*Source data*:
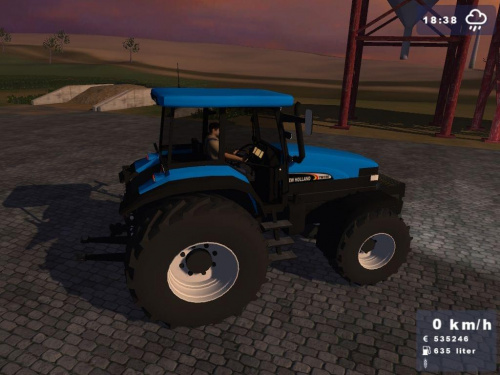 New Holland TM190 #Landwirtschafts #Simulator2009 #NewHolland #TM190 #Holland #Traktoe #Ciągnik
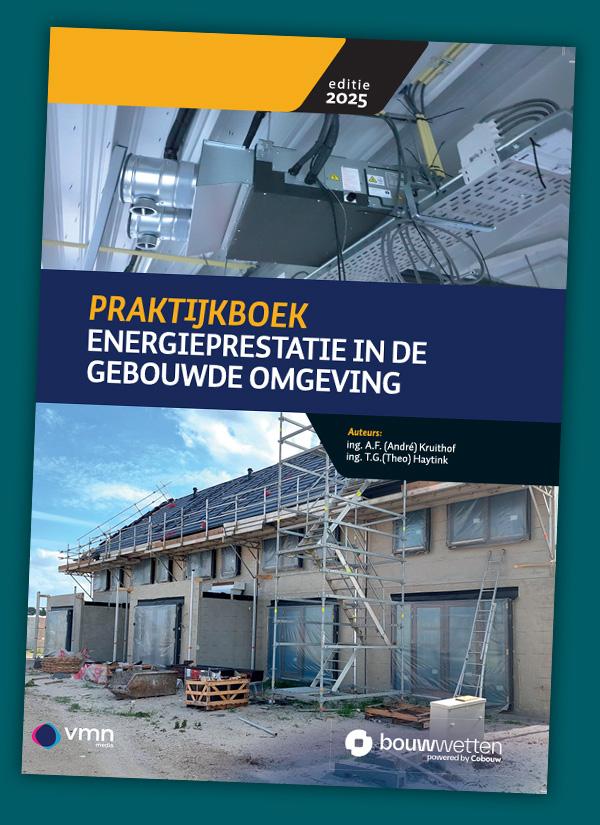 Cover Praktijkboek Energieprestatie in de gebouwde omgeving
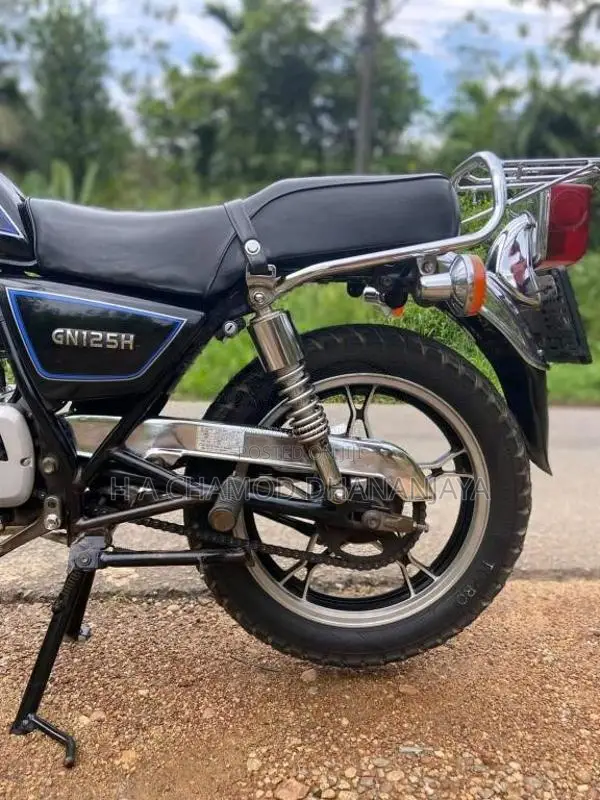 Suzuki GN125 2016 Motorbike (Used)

*Task to carry out*: Only the lines from the one that holds "Cover Praktijkboek Energieprestatie" through the final line of the material should be reproduced, word for word, with the pictures omitted.

*Task answer*:
 Cover Praktijkboek Energieprestatie in de gebouwde omgeving
 Suzuki GN125 2016 Motorbike (Used)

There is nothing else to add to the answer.